Human-in-the-Loop Policy Optimization for Preference-Based Multi-Objective Reinforcement Learning

Ke Li,Han Guo
2024-01-04
Abstract:Multi-objective reinforcement learning (MORL) aims to find a set of high-performing and diverse policies that address trade-offs between multiple conflicting objectives. However, in practice, decision makers (DMs) often deploy only one or a limited number of trade-off policies. Providing too many diversified trade-off policies to the DM not only significantly increases their workload but also introduces noise in multi-criterion decision-making. With this in mind, we propose a human-in-the-loop policy optimization framework for preference-based MORL that interactively identifies policies of interest. Our method proactively learns the DM's implicit preference information without requiring any a priori knowledge, which is often unavailable in real-world black-box decision scenarios. The learned preference information is used to progressively guide policy optimization towards policies of interest. We evaluate our approach against three conventional MORL algorithms that do not consider preference information and four state-of-the-art preference-based MORL algorithms on two MORL environments for robot control and smart grid management. Experimental results fully demonstrate the effectiveness of our proposed method in comparison to the other peer algorithms.
Neural and Evolutionary Computing
What problem does this paper attempt to address?

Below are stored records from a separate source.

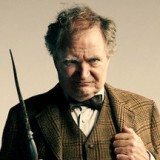 Jim Broadbent como Horace Slughorn (Harry Potter)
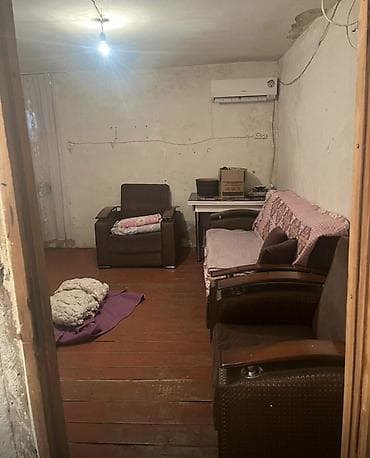 Qarajlar: Satılır: 1 otaqlı zirzəmi tipli sahə Xüsusiyyətlər: - Tek otaqlı — 4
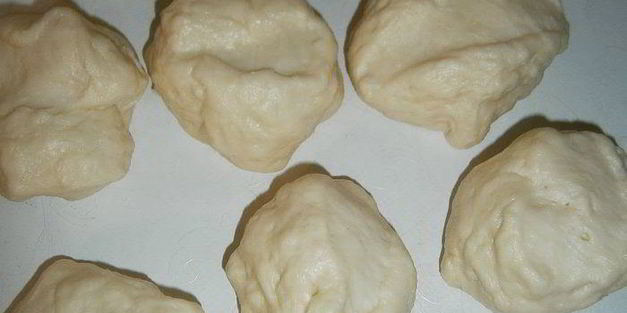 булочки с заварным кремом и персиком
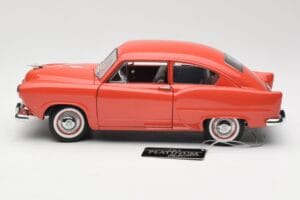 Kaiser Henry J Rdeč Sun Star 1:18 5092 Kovina – slika 4 od 8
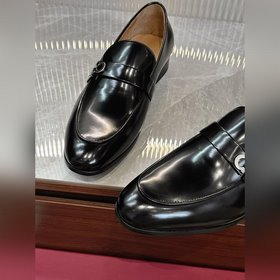 Ferragamo – популярные мужские туфли-лодочки! Тщательно отобранна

The paper primarily addresses a problem in the field of Multi-Objective Reinforcement Learning (MORL), specifically how to find a set of efficient and diverse policies considering the preferences of the Decision Maker (DM) to handle multiple potentially conflicting objectives. Specifically, the paper attempts to solve the following key issues: 1. **Effective Utilization of Preference Information**: Traditional MORL methods often generate a large number of trade-off policies, which not only increase the burden on the decision maker but may also introduce noise, affecting the multi-criteria decision-making process. Therefore, the paper proposes a human-computer interactive policy optimization framework that can actively learn the implicit preference information of the decision maker and use it to guide the policy optimization process. 2. **Combination of Preference Learning and Policy Optimization**: The proposed framework (referred to as CBOB) includes three core modules: seed policy generation, preference acquisition, and policy optimization. These three modules work in coordination, gradually learning the decision maker's preferences through human-computer interaction and adjusting the direction of policy optimization accordingly to find the policies that the decision maker is truly interested in. 3. **Practicality and Efficiency**: The method particularly focuses on applications in real-world black-box decision scenarios, where prior preference information is usually unavailable. Through human-computer interaction, the proposed method can effectively learn the decision maker's preferences without requiring any prior knowledge. 4. **Experimental Validation**: The paper conducts extensive experiments in two MORL environments, comparing the proposed method with three traditional MORL algorithms and four state-of-the-art preference-oriented MORL algorithms. The results fully demonstrate the effectiveness of the proposed method. In summary, the main contribution of the paper is the proposal of a novel human-computer interactive policy optimization framework, aimed at improving the performance and practicality of MORL in real-world applications through an effective preference learning mechanism.